His supporters also were certain, backing Sidhu up with $2.1 million in seed money that he used to purchase four liquor store businesses formerly run by the state.
But the dream began to unravel on the first day of business in June. Sidhu's customers balked at higher check-stand prices on liquor; a 17 percent retailers' fee and a 10 percent distribution fee were added to the price of every bottle at ring up. Customers told Sidhu that they would buy their booze at Oregon's lower-priced, state-operated stores.
"They were just shocked when all of those taxes added up," said Sidhu, who said he suffered many sleepless nights when the full extent of his business troubles dawned on him.
In addition to the fees, Sidhu found out the big-box stores and chains were getting much lower prices on booze from Washington's new distribution businesses. Prices in Oregon ran as much as 22 percent lower than his. The uneven competition was sucking the life out of Sidhu's business.
He spent a lot of time apologizing to customers.
"They said, 'Don't be sorry, you're the one who's going to lose your business,'" said Sidhu, a Woodburn, Ore., resident who closed his stores in Kennewick and Kirkland and plans to shutter his remaining two stores in Vancouver some time next month.
Sidhu isn't alone in facing a quick, devastating business failure in Washington's new free-market liquor sales environment. Of the 167 former state-run liquor stores that Washington auctioned off, Sidhu estimates only 60 or 70 remain open. He said he had a disadvantage in being a small store. The lack of volume discounts from distributors, competition from Oregon, and the loss of commercial sales that were a key profit center for the former state-run liquor stores have all contributed to the demise of the former state-run stores.
On the other side of the state border, Oregon's state-run system benefited greatly by Washington's change. For example, liquor sales in the southern state increased 9.4 percent year over year for the month of October. At its 12 border stores, sales increased by 34 percent collectively. That included the Jantzen Beach store, just across the Clark County line on Interstate 5.
That store has continued to be among the top-selling Oregon stores.
Washington's hard-liquor sales, by contrast, increased by 2.9 percent from a year earlier during the first four months of privatization, the state reported this month.
But it was unclear whether the Washington's $263 million in booze sales was a trend followed by Clark County, with its borderline proximity to Oregon's cheaper system. Washington's state Department of Revenue does not track spirit sales by county, according to Mike Gowrylow, the agency's communications director.
Meanwhile the Oregon Liquor Control Commission reported Oregon's 12 border stores alone grossed an additional $3.2 million in revenue since 1183 went into effect June 1.
And it's only going to get worse for Washington booze sellers, according to new plans to license three additional liquor stores in the state.
Approved by Oregon's liquor board, the three sites will be in Beaverton, Ore., Damascus, Ore., and just across the state line off Interstate 205 at Portland's IKEA-anchored Cascade Station on Airport Way.
Oregon also has launched a temporary pilot project allowing a limit of four corporations to apply to be liquor store agents.
"So in that (Cascade Station) area, if one of those existing businesses, say, if Target wanted to, it could apply along with everyone else," said Christie Scott, a spokeswoman for the Oregon board. "It would still have to be a separate store, sort of like the jewelry stores inside Fred Meyer."
But Oregon stores aren't his only competition, according to Sidhu.
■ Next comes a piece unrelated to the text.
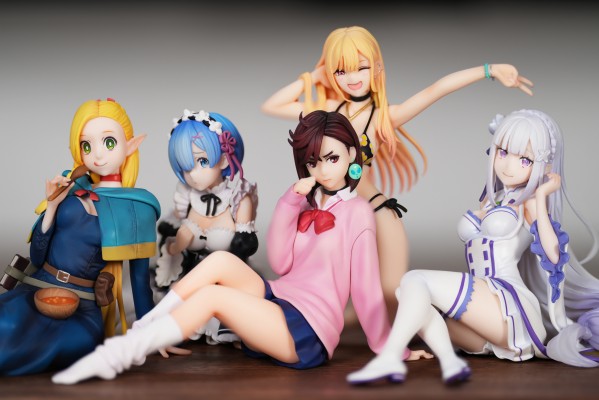 GEM系列 当哒当/胆大党 掌中小桃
In Washington, distributors in many cases charge the smaller stores between 25 percent and 35 percent more than they charge to volume discounters, such as Costco, Fred Meyer and Safeway.
That's because the delivery companies are set up for volume distribution to warehouses, said John Guadnola, of the Washington Beer & Wine Distributors Association, a 23-member group of distributors. The group includes the state's two largest hard-liquor distributors, Miami-based Southern Wine & Spirits, which operates a Kirkland office, and Young's Market Co. of Washington, a Kent subsidiary of the California-based company. The new state initiative encourages volume discounts, Guadnola said, although he could not verify Sidhu's claim that the price differences are between 25 percent and 35 percent. State law that remained in place even with the initiative prohibits the small stores from forming a purchasing cooperative.
This gives larger stores that have regional warehouses a huge advantage.
"It's so much cheaper to deliver a truckload to one place and have the customer break it up and deliver it out to the individual stores," he said.
Guadnola isn't surprised. His group contends 1183 was set up so that Issaquah-based Costco -- which spent $22 million backing the initiative -- would emerge a clear-cut winner.
"In the old system, everybody in the state paid the same price, and now, if you're not close to a Costco or big box, you're paying a whole lot more for the same product," he said.
Byron Roselli, a vice president and commercial real estate expert with Eric Fuller & Associates Inc. in Vancouver, is sympathetic to Sidhu and other small-business owners who tried to make a go out of the former state liquor stores.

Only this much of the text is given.